The best laid plan would have interviewees answer in an almost scripted manner, but that removes their individuality and spontaneity. At times tangents can provide great content, and the unexpected can be brilliant, but there is a limit and it has to make sense. So plan, but be flexible.


There’s no such thing as too much content. When interviews fell through and I organised replacements I realised that I should have been interviewing as many people as possible, for as long as possible. That’s not to say they all need to be used, but having them gives the editor (or me, in this case) more options, more to draw upon in constructing a compelling narrative, and avoids that awful moment when there’s a massive gap in the plot and no way to fill it. It happened to me, I don’t recommend it because fixing it is incredibly stressful. Do be clear about what you want to cover and make sure you get it; twice if possible.

Visuals are even more crucial. Having a massive b-roll to draw on allows more creativity in editing interviews. Sometimes people make a great point in a long and roundabout way, extra footage allows extra cuts. Again, you don’t need to use it all, but it’s always good to have.


Shorter is better. I wanted to include points such as David McCarthy’s aforementioned deviations from stigma, but that would have taken more time and required a longer film. My brief was 10-20 minutes, leaning toward shorter, and the film needed maybe 30 minutes to cover the human rights aspect as well as stigma. With a single issue to cover it can be seen as a miniature version of a feature, or a chapter in a feature. For me it was both. In terms of contributors, I had a large number for a short doc – 8 in total. Had it been a chapter of a feature, half that number would make more sense. The idea that it could be a chapter gives me an idea of how a feature is constructed, point by point, and in the same way, the film moves from point to point, but with two minute chapters. By leaving out some points and cutting to 12 minutes, the film is direct and clear about the single topic of stigma, which was the original plan. A whole new, larger and more detailed plan would be necessary to make a longer film, but the process is the same. 90 minutes would require as much concision as twelve and a half, and so each point would have to be carefully approached and structured to keep the viewer engaged. An important lesson for future work.

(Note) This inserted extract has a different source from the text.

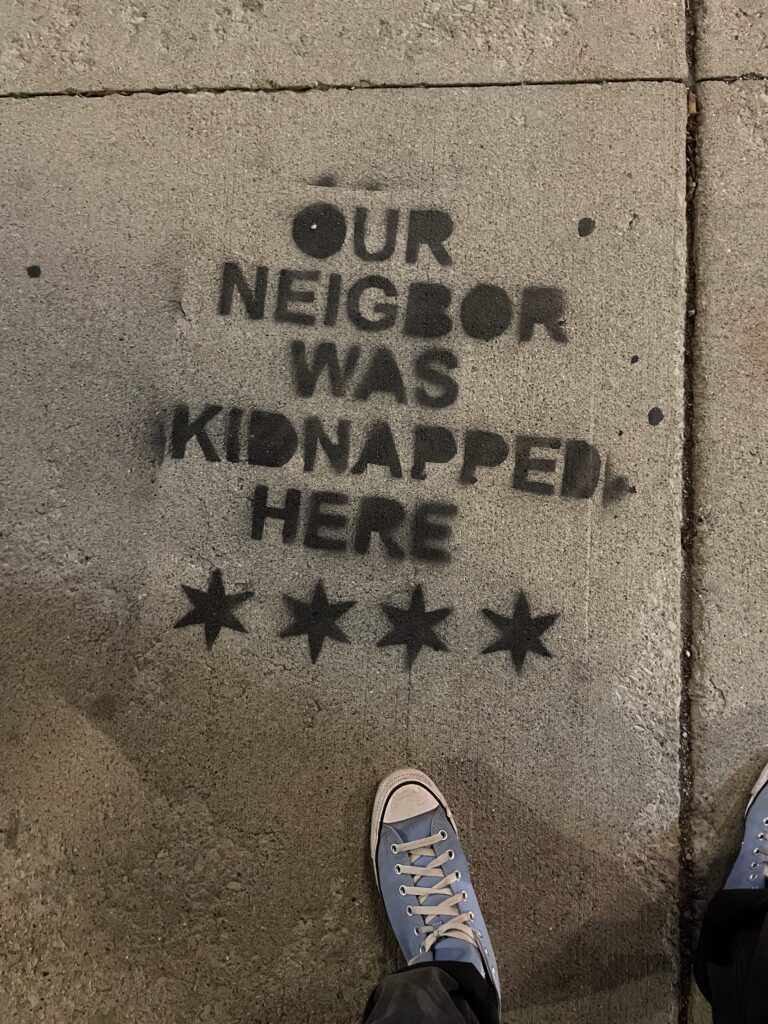 stenciling on a sidewalk reading our neighbor was kidnapped here with four Chicago-style stars underneath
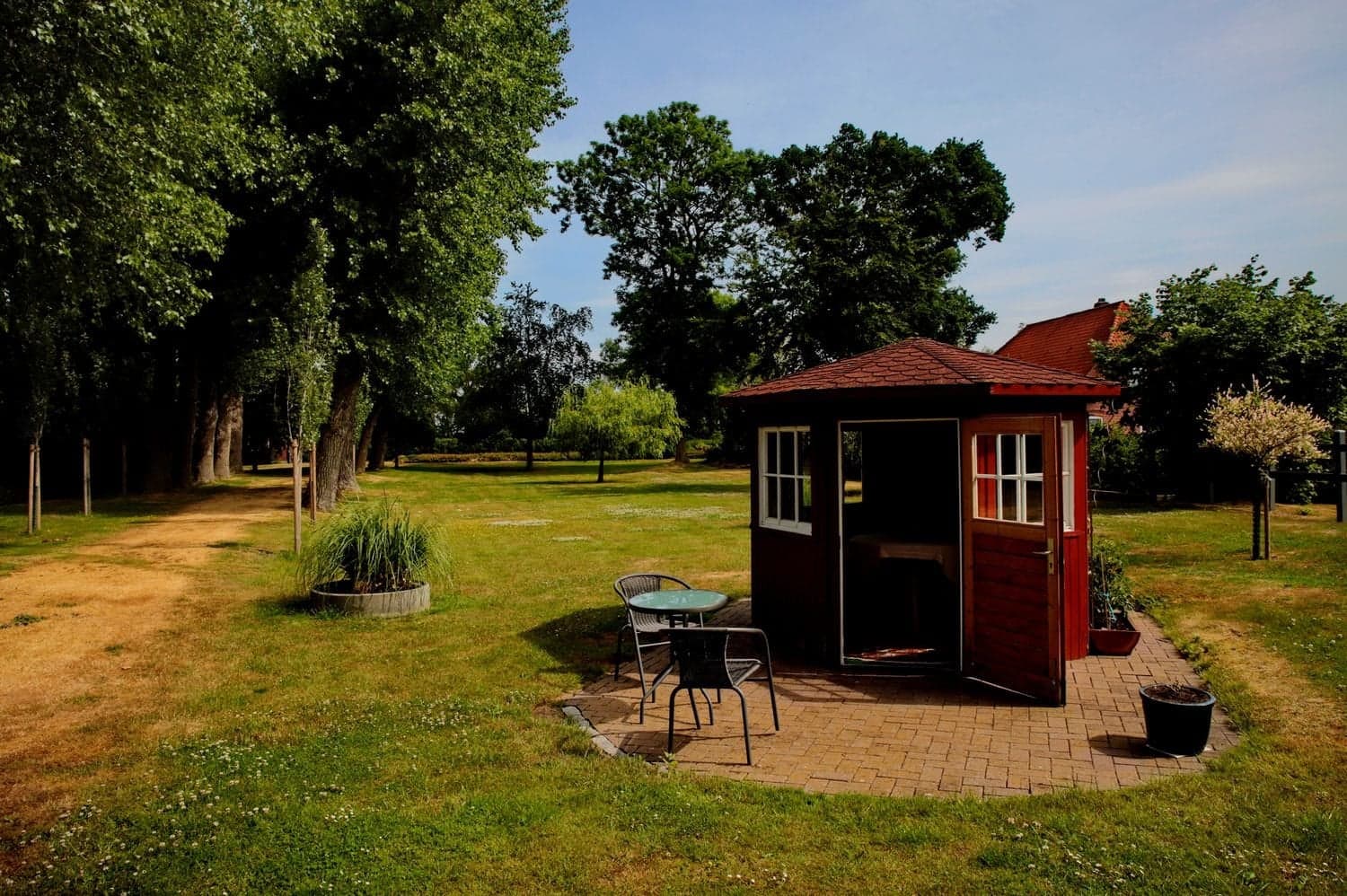 Rotes Gartenhäuschen mit geöffneter Tür, davor ein Tisch mit zwei Stühlen auf Pflaster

Don’t mess around with sound. It rhymes, remember it. I lost interviews to bad sound, with others I lost hours trying to fix audio issues that emerged at the editing stage. Check the sound on location and at home on the shoot day, and be prepared to re-interview someone if there are issues. Stop interviews if you make a mistake. I had to stop Kathleen Lynch after she answered my first question because I forgot to turn on one of my two mics. And yes, have backup microphones.

Use the best equipment you can too. I ended up buying a whole new microphone setup that cost close to the price of my camera halfway through the project to improve sound quality, and it was worth every penny. Sound tells your story, not pretty images. I left in a few things I was unhappy with sound-wise, and the major thing I’ll take away is an utter disgust for poor sound. Move interviewees, stop them, interrupt them, and ask questions again, whatever it takes. Better to have them sound a bit grumpy, than have no usable sound at all.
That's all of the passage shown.